Chronic disease status was scored for 5 disease clusters: osteoarthritis, gastro-intestinal (GI) disease, cardiac disease, dental disease, and skin disease. A definition for each disease cluster was developed based on a set of structured diagnostic codes identified by a board-certified veterinary specialist as being associated with the condition. Osteoarthritis, GI disease, and cardiac disease were scored “present” when at least one associated diagnostic code was recorded during any visit in the medical record, and “absent” otherwise. For GI disease and skin disease, we further imposed the cluster diagnostic code to be recorded at least once in the 18 months prior to the survey to increase the probability that the disease was still present at the time of the survey. For skin disease we further added the requirement that a cluster diagnostic code was recorded during at least 3 different visits, again to enrich for chronic conditions.
For instrument development and validation, a factor analysis was performed on all items in scope using the R package psych19. The initial number of factors was determined by parallel analysis20. Factors were sequentially reduced considering interpretability, by removing items with a too low (r < 0.30) or a too high (r > 0.8) within-domain Pearson correlation coefficient r, and by assessing item repeatability. For the latter the intraclass correlation coefficient21 was calculated on the subset of dogs for whom repeated surveys were available. For the final instrument development stage and for validation analyses the number of factors was fixed a priori. For some domains in the final instrument, factor loadings were reversed so that all domains have higher scores for increasing levels of the construct expressed by the domain name. In order to ease interpretation, domain scores were mapped back on the original 1–7 scale.

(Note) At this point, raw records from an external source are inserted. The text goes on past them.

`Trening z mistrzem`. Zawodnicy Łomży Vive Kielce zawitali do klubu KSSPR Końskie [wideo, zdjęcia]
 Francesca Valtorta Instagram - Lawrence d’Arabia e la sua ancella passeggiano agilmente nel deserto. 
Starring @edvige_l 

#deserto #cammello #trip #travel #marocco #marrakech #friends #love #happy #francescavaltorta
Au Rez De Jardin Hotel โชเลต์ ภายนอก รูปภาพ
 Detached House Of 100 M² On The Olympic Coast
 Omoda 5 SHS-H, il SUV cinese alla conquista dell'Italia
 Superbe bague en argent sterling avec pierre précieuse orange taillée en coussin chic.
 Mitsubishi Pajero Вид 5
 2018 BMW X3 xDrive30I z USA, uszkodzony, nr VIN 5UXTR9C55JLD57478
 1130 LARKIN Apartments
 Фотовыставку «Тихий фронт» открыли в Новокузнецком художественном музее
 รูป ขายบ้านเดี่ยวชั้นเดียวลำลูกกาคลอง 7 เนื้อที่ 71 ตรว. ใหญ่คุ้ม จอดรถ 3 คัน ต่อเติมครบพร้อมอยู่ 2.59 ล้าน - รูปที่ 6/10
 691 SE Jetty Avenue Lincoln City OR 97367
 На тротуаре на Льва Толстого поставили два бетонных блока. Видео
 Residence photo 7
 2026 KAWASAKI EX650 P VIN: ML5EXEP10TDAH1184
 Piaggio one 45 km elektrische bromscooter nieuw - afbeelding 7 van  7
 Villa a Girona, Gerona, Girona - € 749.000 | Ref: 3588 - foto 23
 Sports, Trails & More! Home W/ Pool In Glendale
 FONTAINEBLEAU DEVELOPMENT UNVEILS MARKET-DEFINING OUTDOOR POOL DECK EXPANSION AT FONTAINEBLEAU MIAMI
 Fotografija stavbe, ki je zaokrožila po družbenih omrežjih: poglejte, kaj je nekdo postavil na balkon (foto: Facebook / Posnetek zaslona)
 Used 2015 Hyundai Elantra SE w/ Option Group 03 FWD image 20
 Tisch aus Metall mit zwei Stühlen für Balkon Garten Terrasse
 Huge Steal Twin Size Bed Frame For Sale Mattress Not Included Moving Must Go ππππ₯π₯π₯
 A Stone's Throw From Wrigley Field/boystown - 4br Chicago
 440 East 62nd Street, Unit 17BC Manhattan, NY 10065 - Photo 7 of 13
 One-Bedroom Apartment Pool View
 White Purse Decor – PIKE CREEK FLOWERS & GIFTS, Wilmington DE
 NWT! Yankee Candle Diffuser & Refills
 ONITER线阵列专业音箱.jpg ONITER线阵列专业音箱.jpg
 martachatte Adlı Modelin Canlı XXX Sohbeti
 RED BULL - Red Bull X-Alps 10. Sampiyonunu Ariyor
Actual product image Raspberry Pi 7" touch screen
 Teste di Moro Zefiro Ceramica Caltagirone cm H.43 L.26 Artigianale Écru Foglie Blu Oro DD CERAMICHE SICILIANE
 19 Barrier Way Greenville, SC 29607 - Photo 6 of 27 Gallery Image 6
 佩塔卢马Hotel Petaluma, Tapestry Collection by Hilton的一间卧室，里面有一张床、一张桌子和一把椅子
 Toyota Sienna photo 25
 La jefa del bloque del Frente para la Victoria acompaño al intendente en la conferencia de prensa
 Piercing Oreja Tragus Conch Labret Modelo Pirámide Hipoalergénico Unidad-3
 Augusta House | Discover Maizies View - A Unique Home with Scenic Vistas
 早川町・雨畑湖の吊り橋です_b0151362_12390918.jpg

In the construct validity analyses, associations between domain scores and factors of interest were tested with a non-parametric Mann–Whitney U test and with a Kruskal–Wallis test in case of 2 or more than 2 factor levels, respectively. Factor effects were expressed as the difference between the factor level median and the median of the factor reference level. To enable effect size comparison between domains, factor effects were also scaled in approximate units of the domain’s population standard deviation. A robust estimate of the population standard deviation was obtained by dividing the domain interquartile range by 1.35, the number of standard deviation units the interquartile range covers in a normal distribution. Reported p values are not corrected for multiple testing but we only called statistical significance in case of a p value below 0.001. This corresponds to a Bonferroni correction for the 72 tests performed in this paper (0.05/72 ≈ 0.001) and guarantees the fraction of reported false positive results to be less than 7.2%. All analyses were performed in the statistical software R22 version 3.6.3 using standard functions and packages where not explicitly mentioned.